§ **Data**:
------------------------------------

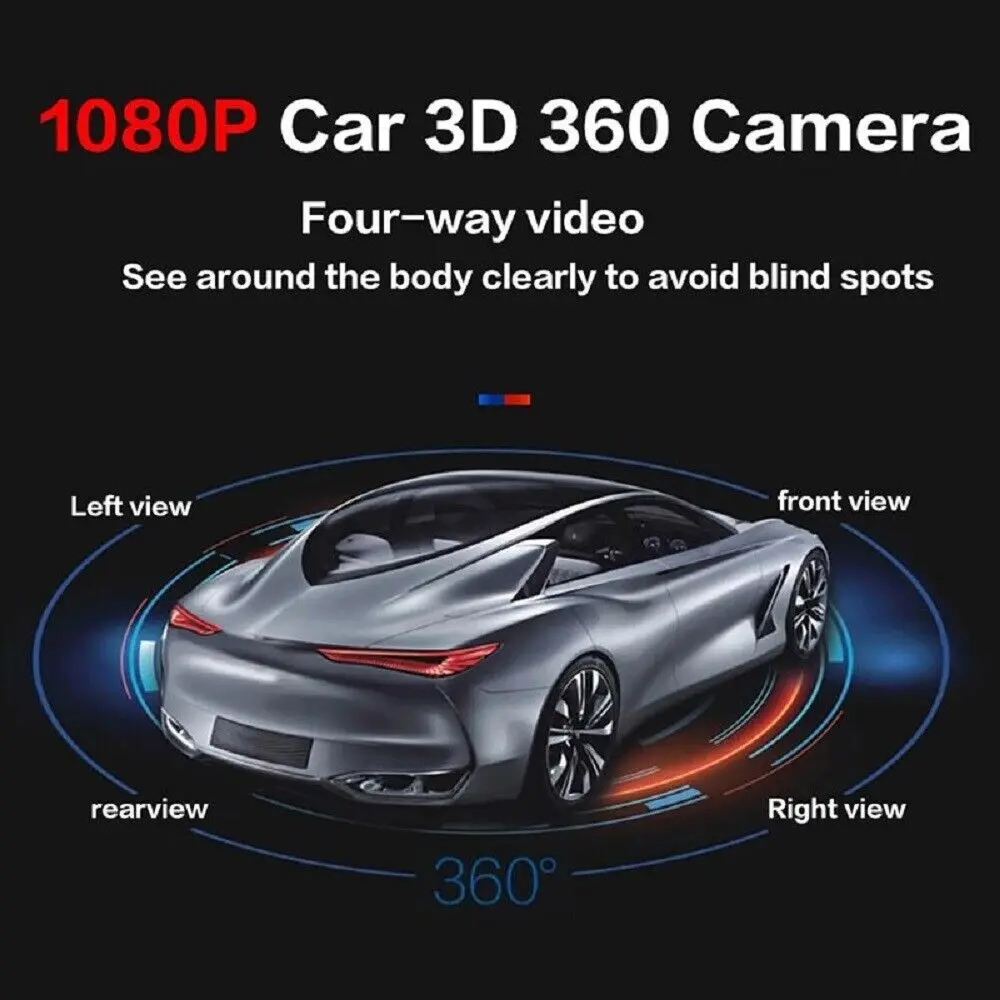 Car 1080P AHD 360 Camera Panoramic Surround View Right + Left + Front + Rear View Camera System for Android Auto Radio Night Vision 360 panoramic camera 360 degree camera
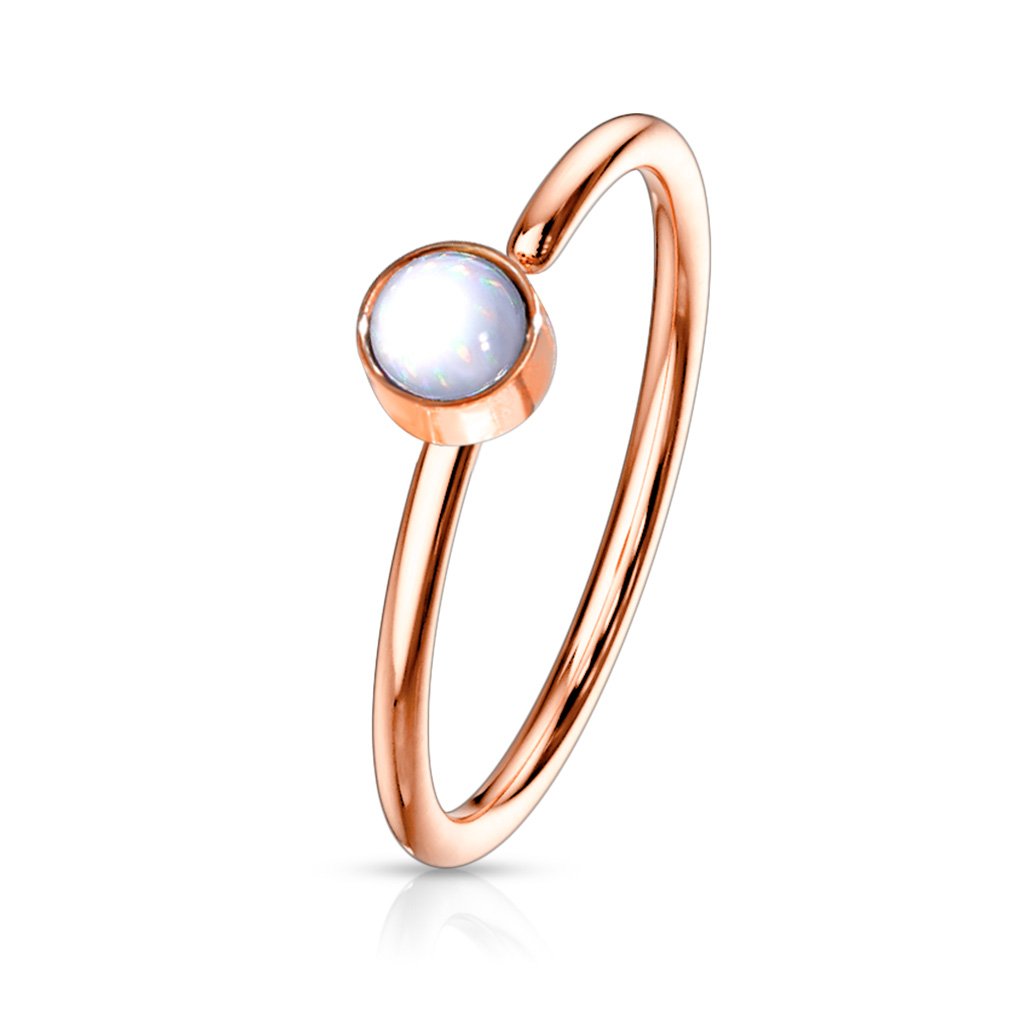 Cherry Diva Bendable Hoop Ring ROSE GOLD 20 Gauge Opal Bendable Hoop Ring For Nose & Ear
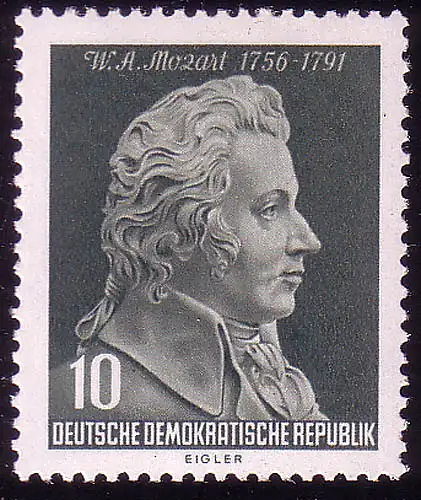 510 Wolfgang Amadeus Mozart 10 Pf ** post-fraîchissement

------------------------------------

§ **Task statement**: Would you copy out every line of the data above exactly, minus the pictures?

§ **Finished exercise**:
 Car 1080P AHD 360 Camera Panoramic Surround View Right + Left + Front + Rear View Camera System for Android Auto Radio Night Vision 360 panoramic camera 360 degree camera
 Cherry Diva Bendable Hoop Ring ROSE GOLD 20 Gauge Opal Bendable Hoop Ring For Nose & Ear
 510 Wolfgang Amadeus Mozart 10 Pf ** post-fraîchissement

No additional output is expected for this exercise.